Alguns países não querem perder o controle sobre a implementação. Mas acontece que a implementação é voluntária. Se um país quer fazer, sei lá, uma plataforma [para conectar projetos verdes com investidores] e com isso atrair mais investimentos, você não pode impedir.
Participei de muitas entrevistas com você e com a Ana Toni, mas uma das melhores frases suas foi no Roda Viva, no começo do ano. Foi algo como: ‘a convenção e as COPs são quase bizantinas, muito difíceis de entender’. Concordo, porque a cada COP aprendo uma coisa nova.
Eu também, viu? (risos) Não desanime.
Um dos objetivos da presidência brasileira era aproximar a COP das pessoas e melhorar essa comunicação, que sabemos que é um problema. Desse ponto de vista, como o senhor avalia o que aconteceu em Belém?
Acho que aproximou, sim. Vocês estavam lá o dia inteiro e não dependiam só da negociação. Estava acontecendo um bando de coisas. Sociedade civil, empresariado, governos subnacionais… Tinha um movimento enorme.
Do ponto de vista de Brasil, eu acho que foi ótimo. Sinceramente, acho que as pessoas se deram conta de que essa agenda é uma agenda que o Brasil pode aproveitar muito melhor.
A cobertura também criou uma curiosidade por parte do público. Teve oferta e demanda de informações. Vai ser muito interessante a gente ver até que ponto isso vai ser absorvido.
Por exemplo, a Confederação Nacional da Indústria. Eu acho que é um dos maiores vencedores dessa COP, com a SBCOP, uma liderança mundial na área industrial, um setor que é associado a ser muito cuidadoso com relação à mudança do clima. A mesma coisa em agricultura, em outras áreas.
Agora, como é que se mantém vivo? Se a gente conseguir manter esse interesse durante os próximos meses, eu acho que isso vai dar ao Brasil uma vantagem imensa com relação aos outros países.
E no geral, qual sua avaliação da COP? O que se esperava foi entregue, os indicadores de adaptação, o programa de transição justa. Teve este outro item surpresa que não entrou no documento final, mas criou-se um movimento que não vai morrer.
É isso. Avançamos na parte formal, que era aprovar os documentos que mantêm [o Acordo de] Paris vivo. Depois, nós também tivemos a decisão Mutirão. Ela injetou uma grande confiança no processo de Paris, mas também incorporou certos elementos que eram muito delicados, como o comércio, como o financiamento público, como a falta de cumprimento da meta de temperatura.
Conseguimos também a demonstração de que a participação do setor privado era essencial e foi essencial. Tivemos o envolvimento de setores que, às vezes, não estão tão envolvidos. Houve uma participação inédita em matéria de seguros. E a questão de seguro vai ter um impacto gigantesco sobre investimentos relacionados à mudança do clima.
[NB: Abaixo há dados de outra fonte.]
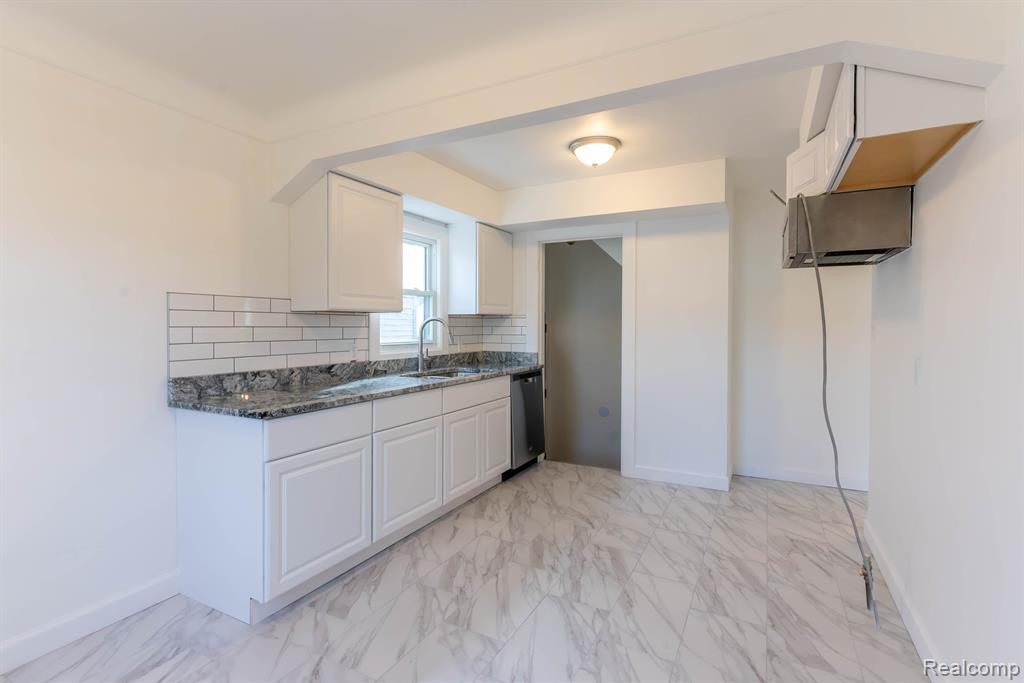 611 CLEVELAND Avenue, Lincoln Park, MI 48146 — Photo 12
Aí você teve avanços muito interessantes, alternativas de pensamento de políticas de mudança do clima, na área de florestas, os economistas, por exemplo, tiveram contribuições muito importantes, cidades tiveram contribuições muito importantes.
Gostaria que o GGA [Objetivo Global de Adaptação] tivesse sido um pouco mais ambicioso. O financiamento de adaptação ficou muito bom. Acho que a gente ter conseguido criar o mecanismo de transição justa também foi uma coisa que não era dada e que era a coisa que mais preocupava a sociedade civil internacional.
E, como você disse, o tema que chegou tarde acabou virando central, porque havia um vácuo. Adaptação e transição justa não são tão claros para o público em geral quanto a transição para o fim dos fósseis.
O tema dos fósseis conquistou um espaço totalmente legítimo, tendo em vista que mais de 70% das emissões vêm de fósseis. Aquela surpresa mundial de estar há 30 anos discutindo um [problema] que precisa de uma alteração nos fósseis sem poder pronunciar a palavra fósseis. Isso foi uma vitória extraordinária, e é uma vitória política do presidente Lula.
Ficou muito claro que existem coisas que dá para fazer com as regras que já existem.